The commands that get held for review are the ones that should be held: destructive operations, privilege escalation, access to sensitive paths, anything the policy engine flags as risky. A well-tuned whitelist means the agent runs at full speed 95% of the time, and only pauses for the 5% that matters.

Add Slack-native approval buttons, risk scoring, and anomaly detection, and the reviewer experience is fast too. Most approvals take under three seconds. The ones that take longer are the ones where pausing was the right call.

From "SSH Proxy" to "AI Agent Firewall"

The pivot wasn't just technical. It was a shift in how we think about the product.

An SSH proxy is infrastructure tooling. It sits in your network diagram, it speaks a specific protocol, and its value proposition is better visibility into SSH sessions. That's a narrow market with known players.

An AI agent firewall is a security primitive. It sits between autonomous code execution and the systems that code can affect. The protocol doesn't matter — SSH today, API calls tomorrow, browser automation next week. What matters is the pattern: intercept, evaluate, decide, execute.

Every AI agent that runs commands in production needs this pattern. Today those agents use SSH and WebSockets. Tomorrow they'll use MCP tools, direct API calls, browser automation frameworks. The commands change, but the need for a decision point before execution doesn't.

What We Learned Along the Way

A few lessons from building this that might be useful if you're thinking about AI agent security:

Whitelists beat blacklists, always. Trying to enumerate every dangerous command is a losing game. New tools, new flags, new attack patterns — the list never ends. Instead, enumerate what's safe and hold everything else.
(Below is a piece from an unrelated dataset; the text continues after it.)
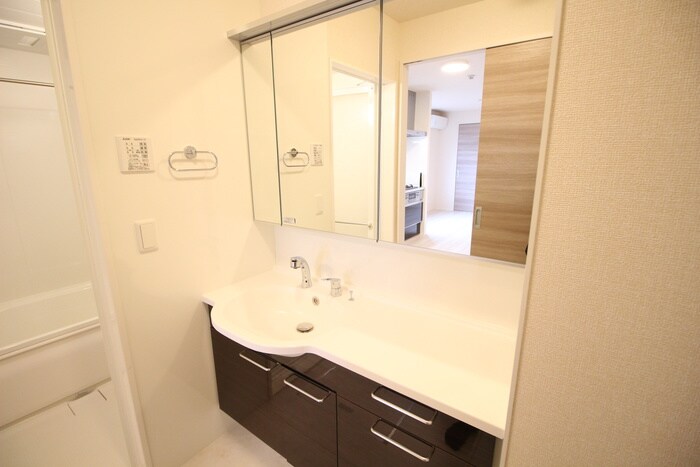 物件内観写真12　(洗面)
The default posture should be "prove this is okay," not "prove this is dangerous."

Latency is the enemy of adoption, not security. The number one reason teams turn off security controls is that they slow things down. We spent more engineering time optimizing the approval flow (WebSocket latency, Slack integration, auto-approve policies) than on the actual command interception. If the security layer adds perceptible delay to the happy path, people will route around it.

Audit trails matter more than you think. Even with before-execution approval, you need hash-chained audit logs that can prove what happened and when. Not just for compliance — for debugging. When an agent does something unexpected, the audit trail is how you figure out which approved command led to the problem.
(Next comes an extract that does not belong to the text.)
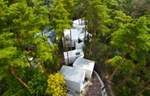 Rezidencija Daisen: Klaster belih objekata ušuškani u gustoj japanskoj šumi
Agents are harder to secure than humans because they don't context-switch. A human engineer will notice something feels wrong. They'll stop and check. An agent just keeps going. Your security layer needs to be the thing that notices, because the agent won't.

What Comes Next

SSH is where we started, but it's not where we'll stop. The same intercept-evaluate-decide pattern applies to:

• API calls. An AI agent calling your internal APIs needs the same kind of gating. Should this agent be allowed to call the billing API? Should it be able to modify user records? The answer shouldn't be baked into a static API key — it should be evaluated per-request, in context.
• Browser automation. Agents using tools like Playwright or Puppeteer to interact with web applications. Every page navigation, every form submission, every click is a potential action that deserves scrutiny.
• Code execution sandboxes. When an agent runs arbitrary code in a container or VM, the same principle applies: intercept the execution request, evaluate the risk, decide whether to proceed.
• MCP tool calls. The Model Context Protocol is becoming a standard for how agents interact with external tools. Each tool call is an action that can have real-world consequences.

The protocol details differ, but the architecture is the same. An approval queue. A policy engine. A human in the loop when it matters. A fast path when it doesn't.
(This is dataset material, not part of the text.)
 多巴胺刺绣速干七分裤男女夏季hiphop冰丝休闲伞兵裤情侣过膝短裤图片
We think every team running AI agents in production will need something like this within the next 18 months. Not because the agents are dangerous, but because trust needs a mechanism. You don't deploy to production without CI/CD. You don't merge without code review. And pretty soon, you won't let an AI agent execute commands without an approval layer.

The bastion gave us access control. The firewall gives us intent control. That's the upgrade the AI agent era demands.